Question:
Can we ever grasp [even in literature] the enormity of the Holocaust? Can we
ever grasp, even in literature, the nature of an event/scene?
Answer/Quote: “On the third floor of the United States Holocaust
Memorial Museum…in Washington, D.C., inside a glass case, lie thousands of
shoes. Old and mismatched, moldering after sixty years, they are what remains
of countless Jews who were told to disrobe and who were subsequently murdered
at Majdanek, Poland, during the final years of the Holocaust. Of the objects
collected for display by the designers of [the museum], they are among the most
powerful icons of the destruction commemorated at the museum, and they were
chosen specifically to provide museum visitors the opportunity to identify with
those who were destroyed, and to learn something about the events of the
Holocaust, events that for most visitors, occurred before they were born. In
figural terms, the shoes are meant to stand in for those events, to serve as a
sign for what happened, and to evoke in museumgoers’ imaginations the enormity
of the destruction. The shoes function as metonyms, parts standing in for the
whole….” P. 417.
Quote: “The
behemoth, the object in the museum, is only an instance—‘take, for example,
this one’—and instance, after instance, after instance, doesn’t metonymically
point to a whole, but indicates, as synecdoche the impossibility of seeing the
whole, which, in the case I’ve been describing in this essay, is the Holocaust.

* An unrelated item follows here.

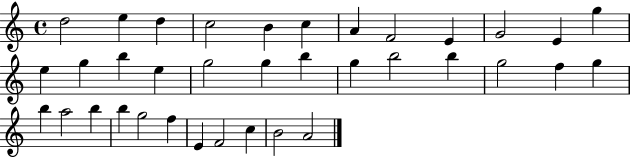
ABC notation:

It doesn’t mean the instance is inauthentic. It simply means that any attempt
to render an event authentically will always be vexed by what cannot be
integrated into history and memory, and by the impossibility of ever being able
to point to an object or an image, and to finally say, ‘See? That’ what
happened. Understand?’” p. 434.
Comment:
Point made. RayS.
Title:
“Synechdochic Memory at the United States Holocaust Memorial Museum.” Michael
Bernard-Donals. College English (May 2012), 417-436.